O mundo é uma bola

Publicado por Antonio Carlos Santini 30 de julho de 2010

Entra em campo a seleção da Alemanha: de uniforme branco, para a alegria de bávaros e berlinenses, perfilam-se o turco Özil, o ganês Boateng, o tunisiano Khedira, o brasileiro Cacau e os poloneses Klose e Podolski. O orgulho nacional entra em transe. Viva a Alemanha! Deutschland übber alles!

Do lado oposto, trajando o azul do céu refletido nas águas plácidas do Sena, a gloriosa seleção da França: ao som dos acordes da Marselhesa, cantam emocionados os cidadãos Cissé, da Costa do Marfim, Govou, do Benin, e o trio Evra, Sagna e Diarra, todos estes do Senegal. Le jour de gloire est arrivé!

O Atlas humano quebra todas as lógicas e atropela a geografia clássica. Graças ao futebol, o mundo é hoje uma bola…

É bem verdade que as coisas seriam diferentes sem aquele capítulo da História que costumam chamar de colonialismo. Se os navegadores europeus tivessem ficado em sua terra, no máximo a pescar em seus mares vizinhos, como o Mediterrâneo e o Mar do Norte, não veríamos hoje a contramaré multirracial. Mais: se não existissem as atuais desigualdades sociais e econômicas entre três ou quatro mundos diferentes, ninguém deixaria as savanas idílicas da África, pontilhadas de zebras e leões, para dar caneladas em meio ao fog de Wembley.

Não pense o leitor que estou a queixar-me dos soluços da História. Ao contrário, saúdo com entusiasmo a hipótese (ou seria a iminência?) de um planeta unificado, em que as diferenças regionais sejam mantidas como saudosismo folclórico, mas os anseios de unidade transnacional superem os bairrismos e os ufanismos patológicos que, ao longo dos séculos, nos levaram a tantos conflitos desnecessários e causaram inimaginável derramamento de sangue.
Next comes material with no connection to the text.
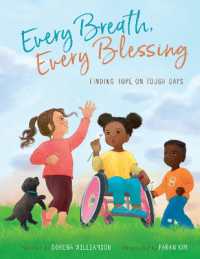 Every Breath, Every Blessing : Finding Hope on Tough Days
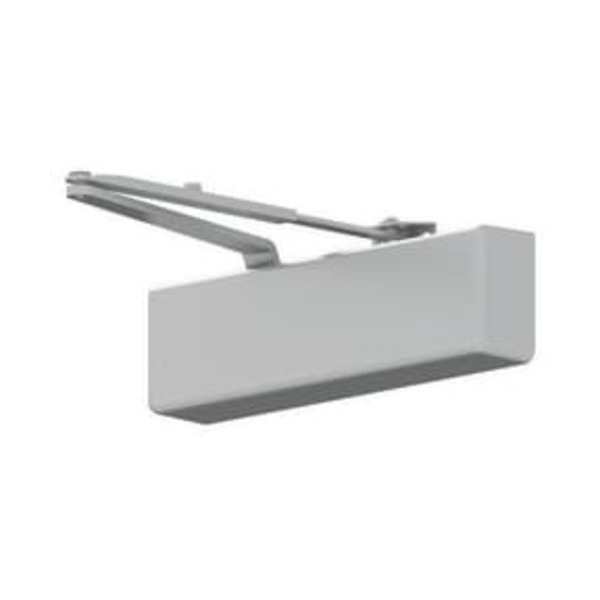 SCHLAGE LOCK COMPANY SC71A ALUM SURF MNT HVY DUTY CLOSER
Afinal, nem mesmo nós, os brasileiros descendentes de Caramuru e Paraguaçu, podemos exigir um atestado de brasilidade. Meu sobrenome italiano seria o primeiro a desmentir essa tese. No sobrenome dos antigos presidentes do Brasil se misturam o checo [Kubitschek], o alemão [Geisel] e o português [Silva]. Nossas cidades não conseguem ocultar a nostalgia das terras do imigrante: Nova Trento, Nova Granada, Novo Hamburgo, onde Itália, Espanha e Alemanha se abraçam comovidas.

Por tudo isso – e agora, sim, devo lamentar-me – chega às raias da insanidade o projeto de associar nacionalismo e Copa do Mundo, quando os restos de amor à Pátria são usados e abusados pelo marketing sem mais pudores, que não pensa em outra coisa exceto induzir ao consumo e conquistar a audiência dos brasileiros.
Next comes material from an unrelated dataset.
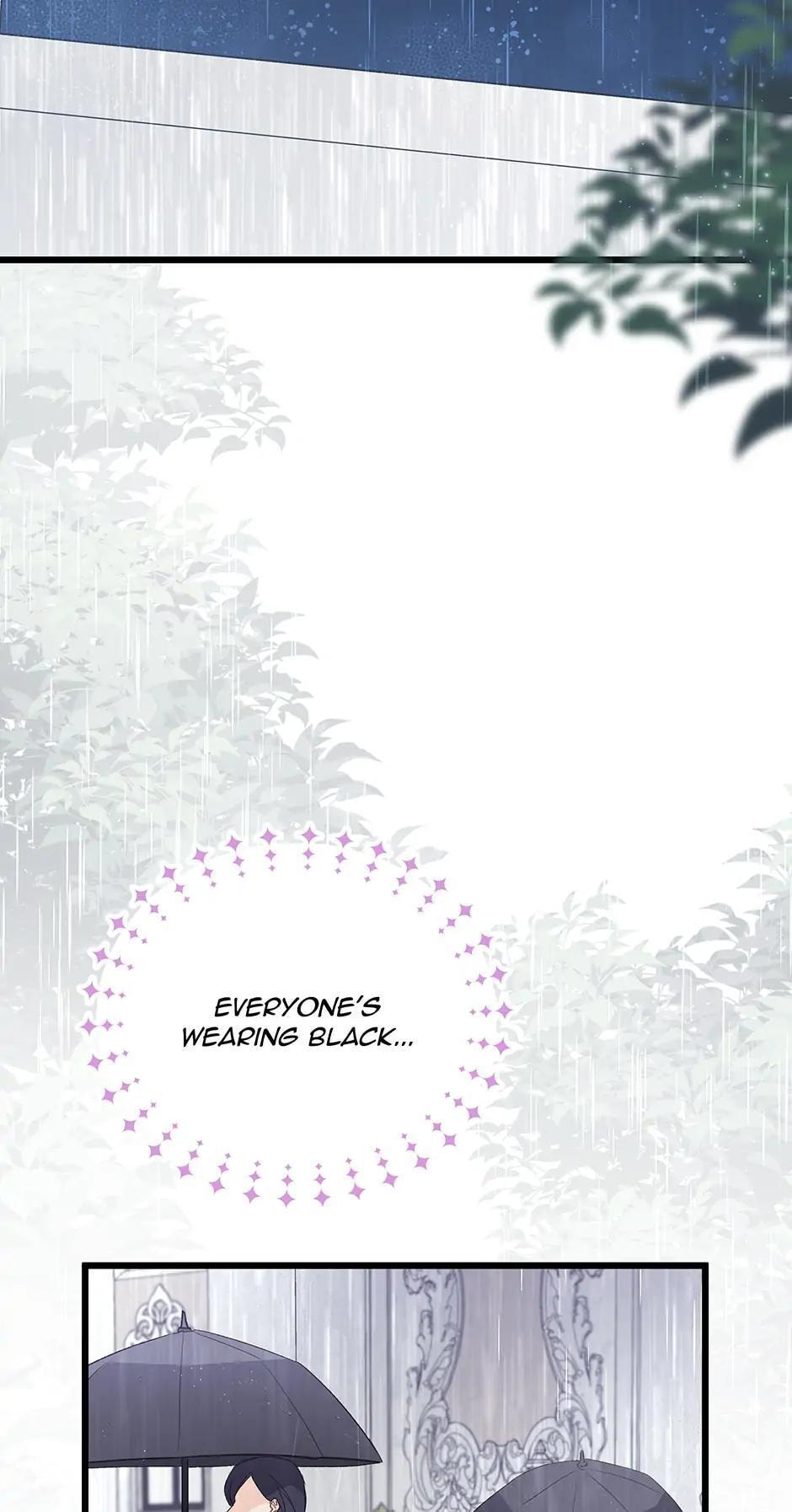 Little Rabbit and the Big Bad Leopard Chapter 84 page 96 -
Não, a seleção não é “a pátria em chuteiras”. É apenas um grupo de profissionais regiamente remunerados que se exibem como artistas de um jogo altamente rentável para seus organizadores. Um cassino atlético, pois não? Esta última Copa do Mundo não economizou cenas em que o individualismo e a procura de brilho pessoal superou de longe o espírito coletivo e algum eventual amor pelas pátrias representadas na terra das vuvuzelas. As infernais vuvuzelas, diria Vovô Tunico!

Se o esporte inclui possibilidades pedagógicas e educativas – e as inclui, por certo, diria Dom Bosco -, é a sua prática, e não sua propaganda comercial, que pode fazer bem à juventude.

E tem mais: dá pena ver crianças chorando na derrota de alguma equipe esportiva. Lágrimas desperdiçadas, que seriam mais bem choradas pelas crianças que passam fome e morrem todos os dias nos conflitos programados pelos traficantes de armas.